South Africa is still experiencing mild food price inflation, with the latest food inflation print easing to 3.4% in March 2026 (from 3.7% in February). However, the fears of generally higher food prices continue to linger internationally.
The underpinning factor behind the likely surge in prices globally is the disruption to agricultural activity due to the Middle East war’s impact on fuel and fertiliser supplies and prices. There also remain concerns about the likely negative impact of El Niño on global agricultural production in the 2026-27 season.
These matters, however, remain part of possible negative outcomes in the months ahead. At the moment, general agricultural supplies are solid globally and domestically.

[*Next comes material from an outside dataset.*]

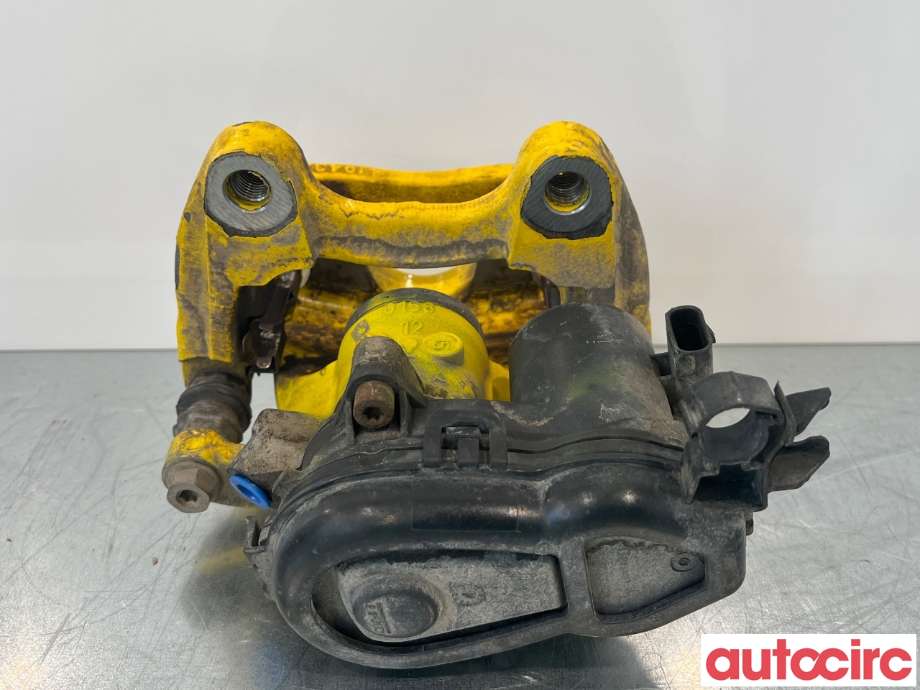Bremsecaliper høyre bak til Mercedes CLA 2013-2019 (C117) (C117) (MERCEDES|A0004232481|)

Consequently, global agricultural prices have nudged up a bit, though not as dramatically as some may have anticipated. For example, on 8 May 2026, the Food and Agriculture Organization of the United Nations (FAO) published its global Food Price Index showing that it had nudged up mildly in April 2026. This index mainly measures the monthly change in international prices of a basket of agricultural commodities, not actual retail prices per se.
The FAO Food Price Index averaged 130.7 points in April 2026, up 2% from its revised March level. This marked the third consecutive monthly increase. The underlying factors were mainly vegetable oils, meat and cereals prices. Other products have generally eased.
From an annual perspective, the index is 2% higher than a year ago, reflecting fears about the uncertain path ahead. Still, we are nowhere closer to the levels we saw in March 2022, after the start of the Russia-Ukraine war. The index is still 18% down from the highs of March 2022.
Global grain prices are likely to remain at lower levels than during the Russia-Ukraine war shock for some time. Some may wonder why the current shock is different from the 2022 Russia-Ukraine war, which led to a surge in grain and fertiliser prices.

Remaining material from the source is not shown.